Ян Смэтс, слушавший его выступление в Южной Африке, телеграфировал: «Каждое выступление по радио – битва». Необычно все, что имеет отношение к речам Черчилля, и не в последнюю очередь скорость, с какой они обычно писались или диктовались машинисткам, когда удавалось выбрать время между неотложными делами. На протяжении всей его жизни критики говорили о напыщенности его речей и склонности к преувеличению. После Дюнкерка положение Англии было настолько тяжелым, что ни о каком преувеличении не могло идти речи; после сорока лет в парламенте у него, наконец, был достаточный по размерам холст, чтобы наносить на него яркие краски. Он опроверг высказывание Теодора Драйзера в романе «Сестра Керри»: «Как это верно, что слова – лишь бледные тени того множества мыслей и ощущений, что стоит за ними». Его слова отбрасывали собственные тени, и они были длинными и глубокими. Он показывал, что яркая речь может изменить ход истории. Но мощное оружие, в котором тогда нуждались Черчилль и Гитлер, могло намного быстрее изменить ход истории [749].

На предупреждение Черчилля о вторжении сразу отреагировали министры доминионов, которые в телеграммах на Уайтхолл выразили беспокойство по поводу судьбы Родного острова. Министр доминионов, виконт Кранборн, послал Черчиллю копию телеграммы, подготовленной им для правительств доминионов, в которой он обрисовал все за и против немецкого вторжения. Черчилль ответил ему, не скрывая недовольства: «Зачем понапрасну волновать доминионы, если нет уверенности в немецком вторжении?» И потом, даже если они появятся, добавил Черчилль, то в течение недели будут отрезаны от снабжения и лишены связи. Королевские бомбардировщики уничтожат места высадки и десантные средства. Кроме того, в резерве «у нас есть 30 дивизий и тысяча танков», чтобы «отбросить» захватчиков.
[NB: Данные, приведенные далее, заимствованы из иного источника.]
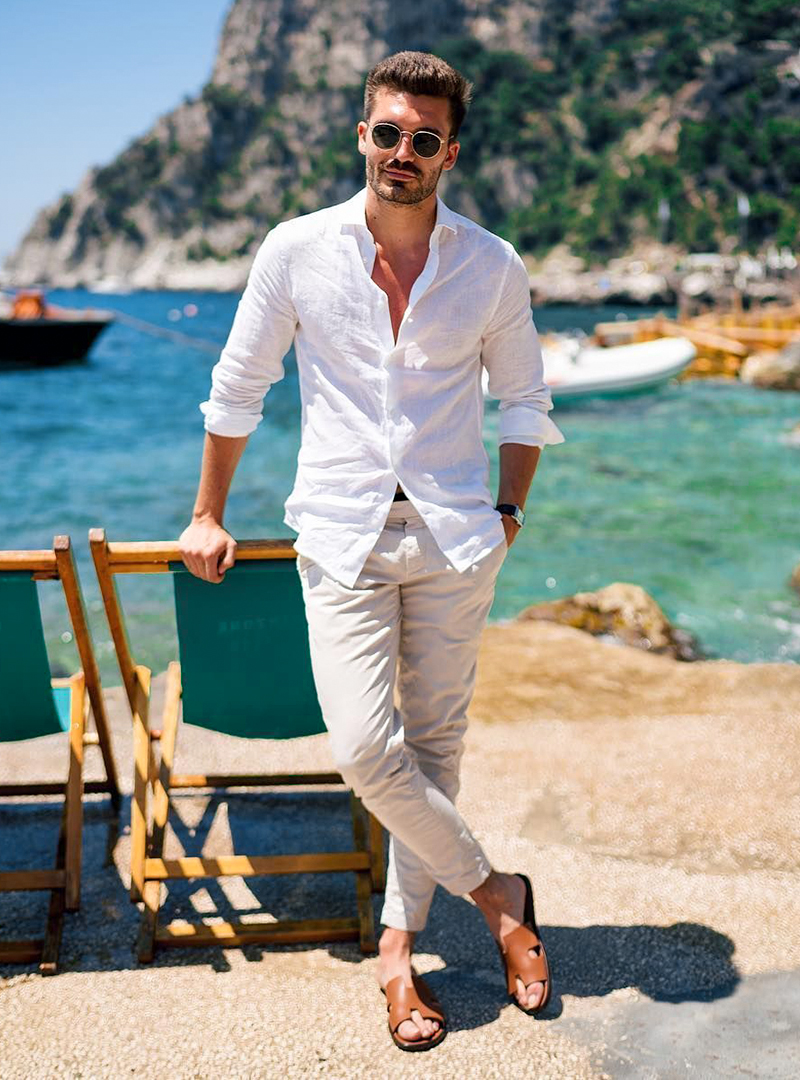 white linen shirt, beige pants, and brown sandals on a beach
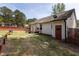 Backyard featuring a patio, swing, and fence at 14 Shire Ct, Zebulon, NC 27597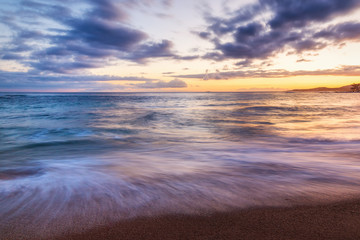 Evening Sunset at a Tropical Rocky Beach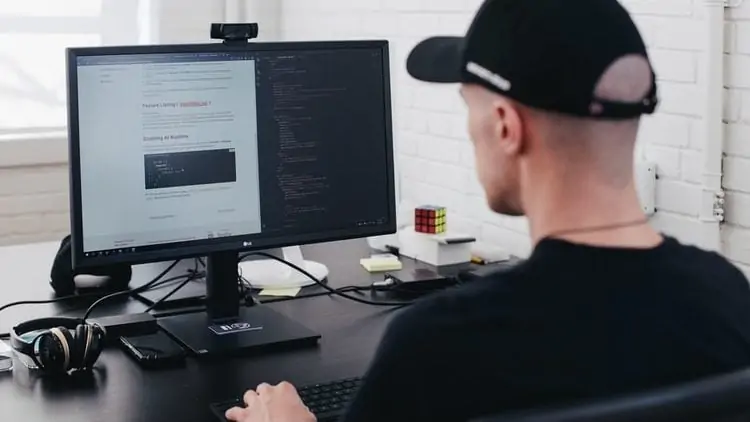 Man werkt op een monitor met twee schermen naast elkaar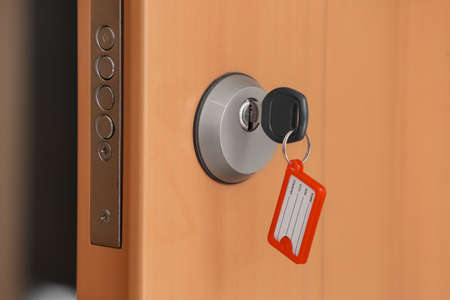 Key inserted in door hole, closeup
Миллион членов Родной гвардии готовы «бороться с парашютистами». Эта информация предназначалась только для Кранборна; Черчилль не видел смысла с ообщать ее в доминионы, где, скорее всего, произойдет ее утечка. В ответе Черчилля наиболее впечатляюще прозвучала информация о количестве дивизий: тридцать. Когда в марте военный министр Дэвид Маргессон предложил ограничить подкрепление в Египет двумя дивизиями, Черчилль резко ответил: «Я не разделяю мнение, что можно выделить только две дивизии из той огромной силы, собранной теперь в метрополии. Мы не должны придавать слишком большое значение обороне». Десять месяцев назад регулярная армия Черчилля в Англии состояла из промокших и невооруженных уцелевших после Дюнкерка солдат. Теперь у него была армия, конечно уступавшая в численном отношении гитлеровской, но самая настоящая армия [750].